The following is a guest post by Nick DeNardis, Associate Director of Web Communications at Wayne State University. Nick writes on the Universities Web Communications Blog and is the mastermind behind EDU Checkup video blog which strives to “turn Web Workers into Web Rockstars”! Besides connecting on his personal blog, you can also connect with him through Twitter or LinkedIn. This is the tenth and final post in the .eduGuru Blogger(s) Search Contest.
Analytics are the cornerstone of benchmarking, with good analytics comes good design/information decisions. Google Analytics has become the de facto standard in analytics reporting, even Kyle James lives and breaths it . Idealy keeping all your stats in one place allows you to search and compare everything, getting a view of the whole picture and ultimately making better decisions.
You can track clicks and interactivity of flash with Google Analytics, no need to dig through server access logs to figure out how many people are clicking through your flash, although it would be fun but you have better things to do. Google has put together an FAQ about flash click tracking, but I wanted to share our experience with a real life example
Make sure you have the newest tracking code on your HTML page.
As long as you have the above Google Analytics script someplace that loads before the flash you can easily track “fake” page loads in flash using the getURL() function.
Real Life Example
On the Wayne State University homepage we have a flash piece that highlights success stories in five different categories. The user interaction involves the steps in the video below and we are always looking for the optimal user paths to increase views and click throughs from the “impact area” as we call it.
Inside Google Analytics you can simply go to your Content Overview and search for the dynamic URL’s you created in the flash. Below is the search for “/category” which shows us the number of categories visited.

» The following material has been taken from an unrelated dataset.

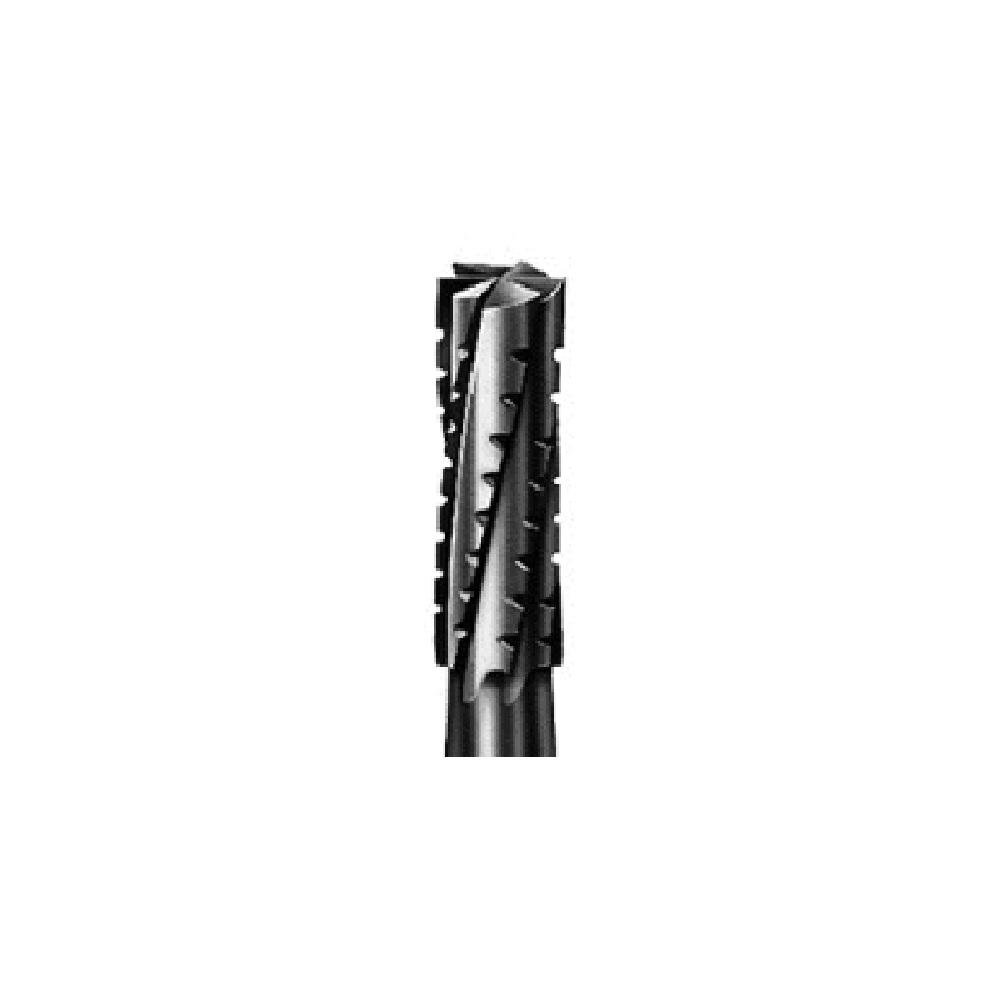 H31 - Fraise tungstène FG - 314 018 (bte de 5)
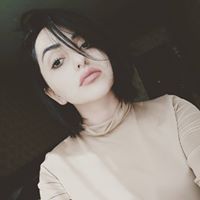 Vika Tamazyan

From this we determined Academics is the most popular category. We initially thought people would just click down the list to see what is new but it turns out they pick and choose what categories they want to see, the popularity order does not match the order on screen.
Here is the graph of our category clicks since we installed the script.
Because of a build issue with the homepage the tracking code was removed for few days for most people so our results do have a few days with lower results.
Article Views and Click Through Rates
Once inside a category the most recent story loads, below a chart which shows a specific article views (Dark Blue Top Line) compared to its click through rate (Light Blue Bottom Line). As you can see was not a very popular article, getting only 30 views and 16 clicks at the most.
What this does is give us a baseline ratio for click throughs per view: (41 clicks / 146 views) = 28% click through rate which is a pretty good for most promotions. But when you compare that to our site visitors we only get a (146 views / 261,827 Unique Views) = 0.055% view rate.
Without being able to track within the flash we would not have known how bad the conversion rate was. We now have the ammo to bring to the homepage committee and tweak the flash interface. Web pages are getting more complex and for each additional layer of interactivity the less Google Analytics will show since the page doesn’t reload. Getting all these statistics in one location gives a true overview of your users and their interaction.